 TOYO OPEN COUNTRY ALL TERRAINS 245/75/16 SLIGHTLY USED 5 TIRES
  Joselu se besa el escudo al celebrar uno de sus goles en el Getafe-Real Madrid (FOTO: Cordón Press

* * *

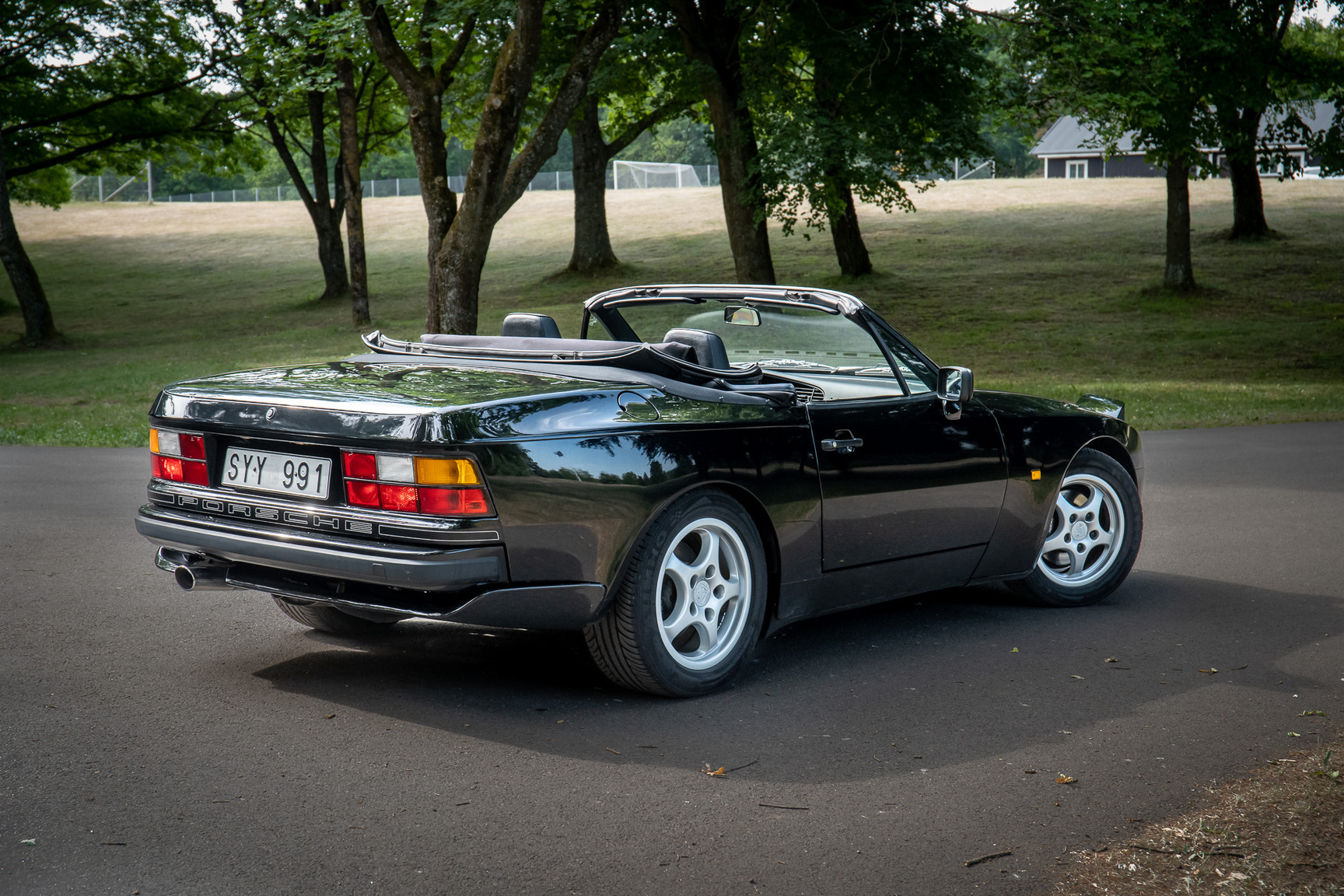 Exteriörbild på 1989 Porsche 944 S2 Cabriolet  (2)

INSTRUCTIONS TO FOLLOW —
Please output the lines of the listing above that fall in the stretch from the one with "TOYO OPEN COUNTRY" through the one with "Joselu se besa", exactly and only those.

OUTPUT BELOW —
 TOYO OPEN COUNTRY ALL TERRAINS 245/75/16 SLIGHTLY USED 5 TIRES
  Joselu se besa el escudo al celebrar uno de sus goles en el Getafe-Real Madrid (FOTO: Cordón Press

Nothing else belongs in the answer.